With the above methods defined, we now have a fuzzer that can operate with minimal functionality. However, with our API, we can take it a step further and implement other fuzzing workflow-related funtionality, including seed synchronization reporting, parsing fuzzer stats, and post-processing!
-
stats
- property method defining structure for fuzzer-produced runtime statistics
This property method returns fuzzer-related stats in a dict
. Often times, this is done by parsing a generated stats file produced by the fuzzer:
@property
def stats(self):
"""
Retrieves and parses the stats file produced by Honggfuzz
"""
args = self._ARGS
out_dir = os.path.abspath(args.output_test_dir) + "/"
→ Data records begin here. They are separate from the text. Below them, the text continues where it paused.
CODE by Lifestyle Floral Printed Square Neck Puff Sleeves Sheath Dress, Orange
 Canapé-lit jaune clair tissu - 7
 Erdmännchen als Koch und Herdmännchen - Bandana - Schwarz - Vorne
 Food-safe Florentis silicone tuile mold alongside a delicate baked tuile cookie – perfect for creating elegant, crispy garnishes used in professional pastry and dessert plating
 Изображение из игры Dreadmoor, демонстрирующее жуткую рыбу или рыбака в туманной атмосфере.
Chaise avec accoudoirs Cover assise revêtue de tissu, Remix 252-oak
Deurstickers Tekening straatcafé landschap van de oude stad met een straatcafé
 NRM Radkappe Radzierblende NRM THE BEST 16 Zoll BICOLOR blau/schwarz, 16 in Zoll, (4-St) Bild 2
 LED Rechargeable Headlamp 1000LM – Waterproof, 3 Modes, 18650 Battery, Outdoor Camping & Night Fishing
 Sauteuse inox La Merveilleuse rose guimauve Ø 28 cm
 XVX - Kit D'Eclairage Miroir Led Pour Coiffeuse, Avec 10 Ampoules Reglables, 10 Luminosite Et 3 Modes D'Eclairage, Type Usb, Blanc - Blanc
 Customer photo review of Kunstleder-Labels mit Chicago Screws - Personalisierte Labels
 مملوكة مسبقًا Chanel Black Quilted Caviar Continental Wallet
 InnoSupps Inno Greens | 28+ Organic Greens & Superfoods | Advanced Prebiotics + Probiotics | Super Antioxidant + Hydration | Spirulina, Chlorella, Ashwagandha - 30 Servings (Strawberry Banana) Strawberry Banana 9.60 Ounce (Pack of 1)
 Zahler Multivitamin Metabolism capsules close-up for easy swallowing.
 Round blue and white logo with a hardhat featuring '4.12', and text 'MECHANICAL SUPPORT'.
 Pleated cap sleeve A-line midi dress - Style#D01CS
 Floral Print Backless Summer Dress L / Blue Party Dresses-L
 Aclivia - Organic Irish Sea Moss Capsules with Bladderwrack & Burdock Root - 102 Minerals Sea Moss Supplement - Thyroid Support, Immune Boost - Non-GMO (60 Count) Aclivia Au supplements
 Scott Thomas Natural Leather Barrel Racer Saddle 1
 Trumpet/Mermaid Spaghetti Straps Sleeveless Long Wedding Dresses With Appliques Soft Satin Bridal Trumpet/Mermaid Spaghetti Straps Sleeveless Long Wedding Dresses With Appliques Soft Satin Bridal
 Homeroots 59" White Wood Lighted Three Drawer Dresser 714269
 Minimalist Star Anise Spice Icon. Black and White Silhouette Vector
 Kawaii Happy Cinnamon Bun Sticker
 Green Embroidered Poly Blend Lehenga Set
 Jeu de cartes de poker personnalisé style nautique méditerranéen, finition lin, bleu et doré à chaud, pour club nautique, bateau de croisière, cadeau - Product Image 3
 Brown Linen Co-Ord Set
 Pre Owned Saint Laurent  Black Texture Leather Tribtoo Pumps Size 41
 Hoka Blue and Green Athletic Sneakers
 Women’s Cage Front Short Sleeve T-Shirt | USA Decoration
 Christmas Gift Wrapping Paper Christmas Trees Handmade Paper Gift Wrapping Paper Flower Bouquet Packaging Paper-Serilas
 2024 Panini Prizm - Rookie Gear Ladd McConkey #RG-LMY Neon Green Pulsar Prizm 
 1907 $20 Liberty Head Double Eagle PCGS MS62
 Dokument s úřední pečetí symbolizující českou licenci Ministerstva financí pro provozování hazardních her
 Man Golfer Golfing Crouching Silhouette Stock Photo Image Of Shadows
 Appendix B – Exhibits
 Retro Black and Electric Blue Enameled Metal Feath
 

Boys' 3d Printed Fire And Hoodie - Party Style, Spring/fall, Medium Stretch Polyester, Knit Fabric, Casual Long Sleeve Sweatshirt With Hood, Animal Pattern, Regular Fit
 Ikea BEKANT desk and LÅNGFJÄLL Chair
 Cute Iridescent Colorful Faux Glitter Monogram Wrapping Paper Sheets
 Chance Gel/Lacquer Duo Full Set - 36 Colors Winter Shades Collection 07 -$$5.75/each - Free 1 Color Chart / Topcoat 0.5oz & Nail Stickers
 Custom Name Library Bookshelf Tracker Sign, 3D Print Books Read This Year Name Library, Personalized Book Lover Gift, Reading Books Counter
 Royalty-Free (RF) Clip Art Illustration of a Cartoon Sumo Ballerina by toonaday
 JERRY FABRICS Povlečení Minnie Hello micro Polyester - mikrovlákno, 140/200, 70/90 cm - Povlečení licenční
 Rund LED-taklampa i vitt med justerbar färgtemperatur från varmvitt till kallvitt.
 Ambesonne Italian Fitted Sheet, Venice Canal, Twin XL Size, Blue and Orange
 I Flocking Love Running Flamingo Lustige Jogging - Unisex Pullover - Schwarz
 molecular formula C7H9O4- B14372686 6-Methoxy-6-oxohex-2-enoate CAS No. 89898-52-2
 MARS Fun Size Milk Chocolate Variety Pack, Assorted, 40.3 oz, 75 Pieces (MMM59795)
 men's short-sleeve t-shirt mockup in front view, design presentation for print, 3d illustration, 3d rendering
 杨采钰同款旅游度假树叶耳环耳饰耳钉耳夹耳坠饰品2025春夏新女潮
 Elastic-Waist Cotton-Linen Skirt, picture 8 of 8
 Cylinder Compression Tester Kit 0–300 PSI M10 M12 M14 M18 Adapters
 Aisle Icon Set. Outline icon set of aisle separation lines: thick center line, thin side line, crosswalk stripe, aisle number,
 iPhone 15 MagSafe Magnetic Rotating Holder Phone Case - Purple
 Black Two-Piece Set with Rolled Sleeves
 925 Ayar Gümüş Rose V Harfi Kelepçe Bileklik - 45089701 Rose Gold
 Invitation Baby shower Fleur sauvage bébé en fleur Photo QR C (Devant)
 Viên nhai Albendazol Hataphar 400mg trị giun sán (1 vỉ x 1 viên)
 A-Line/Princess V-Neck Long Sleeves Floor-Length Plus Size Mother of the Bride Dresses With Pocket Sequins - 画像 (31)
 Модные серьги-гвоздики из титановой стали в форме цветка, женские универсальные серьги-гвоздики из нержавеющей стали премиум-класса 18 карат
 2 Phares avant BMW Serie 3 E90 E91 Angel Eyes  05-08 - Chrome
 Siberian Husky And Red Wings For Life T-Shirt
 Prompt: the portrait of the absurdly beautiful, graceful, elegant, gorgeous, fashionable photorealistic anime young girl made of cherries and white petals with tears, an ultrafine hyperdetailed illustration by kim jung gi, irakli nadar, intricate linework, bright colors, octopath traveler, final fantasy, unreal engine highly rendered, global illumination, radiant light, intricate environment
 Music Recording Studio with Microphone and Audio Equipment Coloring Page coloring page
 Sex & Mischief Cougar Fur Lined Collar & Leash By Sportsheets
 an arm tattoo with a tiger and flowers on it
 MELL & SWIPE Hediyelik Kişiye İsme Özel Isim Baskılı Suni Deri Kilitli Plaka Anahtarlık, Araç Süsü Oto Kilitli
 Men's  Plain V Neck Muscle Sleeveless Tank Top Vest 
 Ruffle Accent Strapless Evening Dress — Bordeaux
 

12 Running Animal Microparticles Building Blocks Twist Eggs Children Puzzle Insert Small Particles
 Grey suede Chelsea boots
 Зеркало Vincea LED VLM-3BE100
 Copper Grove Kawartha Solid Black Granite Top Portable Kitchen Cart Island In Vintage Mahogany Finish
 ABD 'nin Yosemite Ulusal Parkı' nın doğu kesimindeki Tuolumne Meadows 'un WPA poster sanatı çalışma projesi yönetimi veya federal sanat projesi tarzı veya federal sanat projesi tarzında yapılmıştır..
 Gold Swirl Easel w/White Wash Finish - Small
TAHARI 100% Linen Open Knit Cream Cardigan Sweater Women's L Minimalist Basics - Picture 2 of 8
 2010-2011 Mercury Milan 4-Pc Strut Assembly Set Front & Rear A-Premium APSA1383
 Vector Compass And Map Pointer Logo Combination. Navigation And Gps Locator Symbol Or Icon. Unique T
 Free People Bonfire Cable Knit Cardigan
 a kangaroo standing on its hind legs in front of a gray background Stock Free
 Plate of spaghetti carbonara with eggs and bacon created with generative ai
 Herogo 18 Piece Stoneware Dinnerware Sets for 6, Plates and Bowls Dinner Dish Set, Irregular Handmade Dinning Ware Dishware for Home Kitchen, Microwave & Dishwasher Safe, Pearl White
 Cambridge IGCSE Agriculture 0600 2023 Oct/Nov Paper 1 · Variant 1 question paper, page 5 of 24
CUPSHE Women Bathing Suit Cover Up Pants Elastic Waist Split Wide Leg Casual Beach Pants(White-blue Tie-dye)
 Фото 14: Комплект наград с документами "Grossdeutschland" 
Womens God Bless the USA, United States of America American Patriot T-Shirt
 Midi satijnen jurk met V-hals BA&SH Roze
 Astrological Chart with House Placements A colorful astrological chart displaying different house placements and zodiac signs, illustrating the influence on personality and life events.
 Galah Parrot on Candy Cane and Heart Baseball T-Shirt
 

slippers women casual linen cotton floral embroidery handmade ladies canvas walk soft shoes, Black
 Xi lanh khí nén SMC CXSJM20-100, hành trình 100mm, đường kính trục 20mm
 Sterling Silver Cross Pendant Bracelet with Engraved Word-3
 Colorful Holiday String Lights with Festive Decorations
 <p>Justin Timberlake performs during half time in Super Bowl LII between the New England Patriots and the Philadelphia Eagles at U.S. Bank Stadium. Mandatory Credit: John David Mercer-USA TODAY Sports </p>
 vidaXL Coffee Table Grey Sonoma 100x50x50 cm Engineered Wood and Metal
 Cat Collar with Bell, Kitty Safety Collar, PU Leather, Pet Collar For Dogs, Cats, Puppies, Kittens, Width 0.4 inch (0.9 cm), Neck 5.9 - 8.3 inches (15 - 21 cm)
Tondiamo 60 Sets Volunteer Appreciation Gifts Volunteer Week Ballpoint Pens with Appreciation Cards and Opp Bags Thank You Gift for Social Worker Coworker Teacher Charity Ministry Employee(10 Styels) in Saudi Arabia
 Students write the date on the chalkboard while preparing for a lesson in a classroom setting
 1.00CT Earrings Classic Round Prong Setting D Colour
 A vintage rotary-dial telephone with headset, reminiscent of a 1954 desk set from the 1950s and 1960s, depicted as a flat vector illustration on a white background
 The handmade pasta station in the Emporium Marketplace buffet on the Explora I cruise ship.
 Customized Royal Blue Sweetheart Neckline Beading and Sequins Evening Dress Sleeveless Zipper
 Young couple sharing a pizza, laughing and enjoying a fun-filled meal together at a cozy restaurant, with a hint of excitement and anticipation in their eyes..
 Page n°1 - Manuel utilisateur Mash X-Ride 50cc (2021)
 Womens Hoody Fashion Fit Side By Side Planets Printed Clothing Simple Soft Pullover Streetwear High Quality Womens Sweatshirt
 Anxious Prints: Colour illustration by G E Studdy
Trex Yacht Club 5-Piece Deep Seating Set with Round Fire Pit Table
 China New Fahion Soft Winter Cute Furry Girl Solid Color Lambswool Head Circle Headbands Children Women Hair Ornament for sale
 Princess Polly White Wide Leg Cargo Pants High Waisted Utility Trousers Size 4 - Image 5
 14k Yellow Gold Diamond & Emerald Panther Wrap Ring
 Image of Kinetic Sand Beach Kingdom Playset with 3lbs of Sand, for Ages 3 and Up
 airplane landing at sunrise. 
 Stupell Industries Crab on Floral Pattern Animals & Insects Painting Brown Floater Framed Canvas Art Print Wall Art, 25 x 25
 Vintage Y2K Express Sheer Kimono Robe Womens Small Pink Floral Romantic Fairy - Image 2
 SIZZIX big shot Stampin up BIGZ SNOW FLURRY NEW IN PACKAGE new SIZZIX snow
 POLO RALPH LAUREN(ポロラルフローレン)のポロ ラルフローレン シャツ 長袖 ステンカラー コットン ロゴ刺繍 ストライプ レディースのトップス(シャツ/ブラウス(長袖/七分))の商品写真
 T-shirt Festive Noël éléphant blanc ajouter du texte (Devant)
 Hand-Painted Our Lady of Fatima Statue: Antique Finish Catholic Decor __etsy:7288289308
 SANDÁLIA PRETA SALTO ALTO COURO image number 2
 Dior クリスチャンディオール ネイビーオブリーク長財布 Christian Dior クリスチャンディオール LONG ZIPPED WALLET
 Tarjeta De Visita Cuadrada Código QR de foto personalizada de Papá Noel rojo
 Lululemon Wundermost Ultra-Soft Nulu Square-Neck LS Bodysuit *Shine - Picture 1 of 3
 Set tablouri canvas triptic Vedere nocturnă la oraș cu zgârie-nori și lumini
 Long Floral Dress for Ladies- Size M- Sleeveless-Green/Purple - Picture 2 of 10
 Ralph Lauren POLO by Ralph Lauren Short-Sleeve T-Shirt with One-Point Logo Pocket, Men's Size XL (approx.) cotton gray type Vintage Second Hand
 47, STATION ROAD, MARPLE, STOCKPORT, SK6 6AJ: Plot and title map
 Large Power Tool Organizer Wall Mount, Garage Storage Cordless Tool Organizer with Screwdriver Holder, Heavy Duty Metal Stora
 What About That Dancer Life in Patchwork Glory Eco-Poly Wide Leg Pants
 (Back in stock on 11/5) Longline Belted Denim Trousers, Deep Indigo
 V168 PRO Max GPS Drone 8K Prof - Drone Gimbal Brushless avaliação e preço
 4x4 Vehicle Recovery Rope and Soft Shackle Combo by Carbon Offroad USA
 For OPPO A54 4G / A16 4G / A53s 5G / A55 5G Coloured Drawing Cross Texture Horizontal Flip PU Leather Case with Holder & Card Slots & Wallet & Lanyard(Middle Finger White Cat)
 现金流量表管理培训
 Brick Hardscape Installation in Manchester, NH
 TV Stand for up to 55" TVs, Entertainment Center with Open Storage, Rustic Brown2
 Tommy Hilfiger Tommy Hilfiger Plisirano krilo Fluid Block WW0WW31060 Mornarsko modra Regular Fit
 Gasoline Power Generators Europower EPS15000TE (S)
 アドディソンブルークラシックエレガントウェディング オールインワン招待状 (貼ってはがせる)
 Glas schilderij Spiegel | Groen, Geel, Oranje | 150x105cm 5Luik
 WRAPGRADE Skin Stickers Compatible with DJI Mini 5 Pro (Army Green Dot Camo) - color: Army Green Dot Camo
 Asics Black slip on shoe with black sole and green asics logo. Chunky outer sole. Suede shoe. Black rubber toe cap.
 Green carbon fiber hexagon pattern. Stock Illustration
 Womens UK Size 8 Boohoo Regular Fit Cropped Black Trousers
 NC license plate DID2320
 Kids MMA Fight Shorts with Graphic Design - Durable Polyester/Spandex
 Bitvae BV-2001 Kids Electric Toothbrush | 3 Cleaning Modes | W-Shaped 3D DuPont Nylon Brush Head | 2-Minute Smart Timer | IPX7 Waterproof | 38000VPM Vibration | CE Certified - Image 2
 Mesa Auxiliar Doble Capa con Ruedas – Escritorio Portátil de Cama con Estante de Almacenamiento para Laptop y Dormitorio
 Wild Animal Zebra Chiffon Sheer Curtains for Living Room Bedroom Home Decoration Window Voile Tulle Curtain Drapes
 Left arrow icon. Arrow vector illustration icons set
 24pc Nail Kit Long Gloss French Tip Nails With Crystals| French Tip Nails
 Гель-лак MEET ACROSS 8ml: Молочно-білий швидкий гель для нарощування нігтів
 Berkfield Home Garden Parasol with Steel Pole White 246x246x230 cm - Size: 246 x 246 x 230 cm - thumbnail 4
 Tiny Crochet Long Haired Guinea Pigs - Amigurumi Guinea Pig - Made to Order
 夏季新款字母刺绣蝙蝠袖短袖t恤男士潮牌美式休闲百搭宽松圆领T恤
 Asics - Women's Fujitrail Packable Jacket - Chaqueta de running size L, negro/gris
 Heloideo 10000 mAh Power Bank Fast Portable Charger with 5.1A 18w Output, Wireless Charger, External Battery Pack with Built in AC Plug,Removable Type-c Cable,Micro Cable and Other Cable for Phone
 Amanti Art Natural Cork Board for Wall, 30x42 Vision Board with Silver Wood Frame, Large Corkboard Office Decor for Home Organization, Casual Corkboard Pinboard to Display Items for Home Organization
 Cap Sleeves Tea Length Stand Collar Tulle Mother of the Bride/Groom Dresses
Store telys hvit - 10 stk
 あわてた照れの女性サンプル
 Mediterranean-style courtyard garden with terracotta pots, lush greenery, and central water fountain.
report_f = "HONGGFUZZ.REPORT.TXT"
stat_file = out_dir + report_f
with open(stat_file, "r") as sf:
lines = sf.readlines()
stats = {
"mutationsPerRun": None,
"externalCmd": None,
"fuzzStdin": None,
"timeout": None,
"ignoreAddr": None,
"ASLimit": None,
"RSSLimit": None,
"DATALimit": None,
"wordlistFile": None,
"fuzzTarget": None,
"ORIG_FNAME": None,
"FUZZ_FNAME": None,
"PID": None,
"SIGNAL": None,
"FAULT ADDRESS": None,
"INSTRUCTION": None,
"STACK HASH": None,
}
# strip first 4 and last 5 lines to make a parseable file
lines = lines[4:][:-5]
for l in lines:
for k in stats.keys():
if k in l:
stats[k] = l.split(":")[1].strip()
# add crash metrics
crashes = len([name for name in os.listdir(out_dir) if name != report_f])
stats.update({
"CRASHES": crashes
})
return stats
-
post_exec
- implements any post-processing functionality (ie testcase decoding / de-duplication)
Since honggfuzz already implements a good amount of post-processing functionality, including crash ded-duplication, minimization and decoding, we can demonstrate how that would work with a fuzzer like Eclipser, which requires manual testcase decoding:
def post_exec(self):
"""
Decode and minimize testcases after fuzzing.
"""
out = self._ARGS.output_test_dir
L.info("Performing post-processing decoding on testcases and crashes")
subprocess.call(["dotnet", self.fuzzer, "decode", "-i", out + "/testcase", "-o", out + "/decoded"])
subprocess.call(["dotnet", self.fuzzer, "decode", "-i", out + "/crash", "-o", out + "/decoded"])
for f in glob.glob(out + "/decoded/decoded_files/*"):
shutil.copy(f, out)
shutil.rmtree(out + "/decoded")